Nurture
If there is anything we can do to help our children have a better adulthood, it is to teach them how to deal
with their emotion. Parents that honestly try to understand their child show respect. When children
show frustration, anger, sadness, and excitement, for example, that’s an opportunity to connect to them.
Unfortunately, often parents struggle to validate their children's emotions because of other distractions,
life's rush, and stress. Validation is recognizing their feelings and thoughts. It’s beneficial for both parents
and children to learn how to better approach emotions.

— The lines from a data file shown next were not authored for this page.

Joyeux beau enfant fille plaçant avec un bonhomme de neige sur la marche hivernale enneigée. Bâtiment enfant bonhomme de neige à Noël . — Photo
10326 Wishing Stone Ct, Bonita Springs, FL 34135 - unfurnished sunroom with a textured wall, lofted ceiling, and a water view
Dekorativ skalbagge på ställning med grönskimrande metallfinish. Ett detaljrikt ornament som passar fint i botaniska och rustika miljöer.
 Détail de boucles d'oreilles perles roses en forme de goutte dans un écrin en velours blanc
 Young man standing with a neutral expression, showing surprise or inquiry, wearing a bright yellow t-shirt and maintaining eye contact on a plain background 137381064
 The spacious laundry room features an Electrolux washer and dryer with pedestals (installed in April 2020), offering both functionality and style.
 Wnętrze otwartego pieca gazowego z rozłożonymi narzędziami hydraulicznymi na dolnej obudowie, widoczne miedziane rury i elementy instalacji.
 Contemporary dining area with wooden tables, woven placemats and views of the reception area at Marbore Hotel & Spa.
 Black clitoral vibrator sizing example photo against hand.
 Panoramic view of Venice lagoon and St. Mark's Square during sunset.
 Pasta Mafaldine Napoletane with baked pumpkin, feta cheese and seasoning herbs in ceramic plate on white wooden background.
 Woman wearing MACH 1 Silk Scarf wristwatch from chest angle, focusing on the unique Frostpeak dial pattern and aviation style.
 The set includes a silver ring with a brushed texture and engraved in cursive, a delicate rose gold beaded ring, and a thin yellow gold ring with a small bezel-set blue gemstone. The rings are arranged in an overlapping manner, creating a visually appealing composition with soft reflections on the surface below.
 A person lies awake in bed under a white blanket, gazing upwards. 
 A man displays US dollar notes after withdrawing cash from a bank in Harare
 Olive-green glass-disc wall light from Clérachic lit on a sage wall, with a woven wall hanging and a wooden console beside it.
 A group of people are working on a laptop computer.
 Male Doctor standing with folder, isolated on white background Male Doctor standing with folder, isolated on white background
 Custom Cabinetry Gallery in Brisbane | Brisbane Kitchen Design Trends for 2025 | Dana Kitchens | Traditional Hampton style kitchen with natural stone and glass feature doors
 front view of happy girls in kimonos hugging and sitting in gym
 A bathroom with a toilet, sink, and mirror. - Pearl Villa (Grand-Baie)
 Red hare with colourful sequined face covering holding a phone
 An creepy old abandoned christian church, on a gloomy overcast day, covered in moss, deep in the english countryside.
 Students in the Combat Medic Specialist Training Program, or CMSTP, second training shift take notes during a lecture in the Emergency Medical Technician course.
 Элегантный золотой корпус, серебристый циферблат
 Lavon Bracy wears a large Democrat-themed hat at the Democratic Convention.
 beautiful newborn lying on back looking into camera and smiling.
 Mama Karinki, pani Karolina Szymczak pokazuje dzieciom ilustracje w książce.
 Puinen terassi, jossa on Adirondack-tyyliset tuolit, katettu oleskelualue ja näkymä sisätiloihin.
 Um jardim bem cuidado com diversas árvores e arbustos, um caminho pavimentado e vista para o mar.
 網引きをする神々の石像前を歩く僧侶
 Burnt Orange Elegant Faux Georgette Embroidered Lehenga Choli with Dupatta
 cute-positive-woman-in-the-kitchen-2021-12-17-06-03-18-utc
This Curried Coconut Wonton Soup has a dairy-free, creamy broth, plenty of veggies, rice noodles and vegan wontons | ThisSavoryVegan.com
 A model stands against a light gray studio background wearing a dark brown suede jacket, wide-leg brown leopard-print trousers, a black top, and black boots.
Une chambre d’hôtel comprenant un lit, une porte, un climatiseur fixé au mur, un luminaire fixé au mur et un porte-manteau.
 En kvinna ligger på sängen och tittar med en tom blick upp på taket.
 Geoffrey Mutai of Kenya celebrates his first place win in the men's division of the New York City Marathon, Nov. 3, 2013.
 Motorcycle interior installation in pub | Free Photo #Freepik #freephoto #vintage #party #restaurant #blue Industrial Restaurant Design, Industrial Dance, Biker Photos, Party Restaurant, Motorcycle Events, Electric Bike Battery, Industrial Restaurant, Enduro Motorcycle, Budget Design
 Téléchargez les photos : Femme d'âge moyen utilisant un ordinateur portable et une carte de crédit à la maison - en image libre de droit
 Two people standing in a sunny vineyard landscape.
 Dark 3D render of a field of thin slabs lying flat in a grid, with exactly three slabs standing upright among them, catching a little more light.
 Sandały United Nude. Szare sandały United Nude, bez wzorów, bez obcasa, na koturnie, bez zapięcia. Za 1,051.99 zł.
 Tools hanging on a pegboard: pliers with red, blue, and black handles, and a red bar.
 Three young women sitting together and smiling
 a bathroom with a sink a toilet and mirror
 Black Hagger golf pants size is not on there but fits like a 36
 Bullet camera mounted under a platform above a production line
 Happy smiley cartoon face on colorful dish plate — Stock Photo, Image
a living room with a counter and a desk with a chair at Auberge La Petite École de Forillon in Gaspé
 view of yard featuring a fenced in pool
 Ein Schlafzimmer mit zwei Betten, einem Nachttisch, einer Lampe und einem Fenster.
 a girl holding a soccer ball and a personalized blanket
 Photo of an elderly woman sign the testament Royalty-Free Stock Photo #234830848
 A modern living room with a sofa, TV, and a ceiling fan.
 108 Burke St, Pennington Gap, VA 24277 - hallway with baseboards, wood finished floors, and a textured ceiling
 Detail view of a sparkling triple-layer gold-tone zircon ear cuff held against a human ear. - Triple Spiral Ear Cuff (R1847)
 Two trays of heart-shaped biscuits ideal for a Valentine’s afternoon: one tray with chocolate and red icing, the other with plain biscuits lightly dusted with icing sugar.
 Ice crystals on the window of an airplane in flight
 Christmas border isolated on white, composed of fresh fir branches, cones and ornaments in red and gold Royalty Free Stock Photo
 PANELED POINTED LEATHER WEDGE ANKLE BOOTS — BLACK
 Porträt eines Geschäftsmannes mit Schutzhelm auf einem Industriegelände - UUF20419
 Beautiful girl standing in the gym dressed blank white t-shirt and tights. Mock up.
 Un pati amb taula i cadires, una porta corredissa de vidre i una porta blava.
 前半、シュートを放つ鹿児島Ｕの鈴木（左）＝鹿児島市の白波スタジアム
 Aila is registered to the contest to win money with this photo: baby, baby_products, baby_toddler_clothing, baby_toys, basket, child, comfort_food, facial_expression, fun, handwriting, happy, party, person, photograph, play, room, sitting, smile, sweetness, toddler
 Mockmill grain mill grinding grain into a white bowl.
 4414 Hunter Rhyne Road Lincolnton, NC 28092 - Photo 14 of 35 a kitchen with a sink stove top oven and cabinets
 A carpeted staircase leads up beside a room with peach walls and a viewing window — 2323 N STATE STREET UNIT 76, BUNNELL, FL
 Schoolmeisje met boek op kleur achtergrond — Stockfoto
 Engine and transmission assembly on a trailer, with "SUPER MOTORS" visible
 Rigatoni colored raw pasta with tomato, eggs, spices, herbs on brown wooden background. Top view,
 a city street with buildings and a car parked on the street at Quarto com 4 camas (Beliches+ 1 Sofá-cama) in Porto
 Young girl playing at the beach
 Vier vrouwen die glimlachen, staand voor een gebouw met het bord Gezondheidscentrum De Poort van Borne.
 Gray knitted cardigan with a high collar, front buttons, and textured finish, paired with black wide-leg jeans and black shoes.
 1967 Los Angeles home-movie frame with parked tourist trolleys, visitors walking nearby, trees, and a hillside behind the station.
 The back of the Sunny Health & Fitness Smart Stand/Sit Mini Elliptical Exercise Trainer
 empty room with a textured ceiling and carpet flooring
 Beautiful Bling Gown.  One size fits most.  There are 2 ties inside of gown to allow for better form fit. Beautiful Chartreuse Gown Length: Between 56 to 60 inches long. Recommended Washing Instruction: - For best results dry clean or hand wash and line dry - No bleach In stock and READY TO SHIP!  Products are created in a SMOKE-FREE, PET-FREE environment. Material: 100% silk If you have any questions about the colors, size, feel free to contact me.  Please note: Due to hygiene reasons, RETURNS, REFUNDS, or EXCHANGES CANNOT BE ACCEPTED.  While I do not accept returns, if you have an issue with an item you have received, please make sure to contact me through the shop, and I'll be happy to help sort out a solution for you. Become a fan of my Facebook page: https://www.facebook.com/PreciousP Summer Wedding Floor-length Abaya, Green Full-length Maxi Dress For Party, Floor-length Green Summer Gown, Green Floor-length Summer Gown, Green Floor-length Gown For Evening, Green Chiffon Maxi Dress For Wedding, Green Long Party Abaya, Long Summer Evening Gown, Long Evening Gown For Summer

Children feel acceptance, and parents develop
more empathy.
Dr John Gottman (1997) gives some steps to what he calls emotional coaching:
Notice the child emotions (consider it as opportunity for teaching or getting close to the children)
Help the child feel understood (by validating the emotion, feeling compassionate, communicating that you understand the emotion)
Help the child verbally label all the things the child is feeling
Help the child understand where the feelings are coming from
And then set limits if there is misbehavior (Communicate that feelings and wishes are acceptable, even though not all behaviors are acceptable)
You can watch the whole interview in this link.
Some examples of emotion coaching that parents can apply:
Why are you crying because of a piece of paper? Don't be silly!
Instead say
I know it hurts when we lose something special. But if you stop crying, we can think of something.
Don't be dramatic. This is not a reason to be sad.
Instead say
I am sorry you are feeling sad. It must be hard. I am here for you.
Don’t be concerned with memorizing sentences, in order to be an emotional coaching parent. This is
going to be a natural process if you remember the most important principle: care for your child's feelings
and thoughts. By embracing your parenting, nurturing will be a pleasant experience for both parents and
child.
References
Gottman, J. M., & DeClaire, J. (1997). Raising an emotionally intelligent child. New York, N.Y.: Simon & Schuster Paperbacks.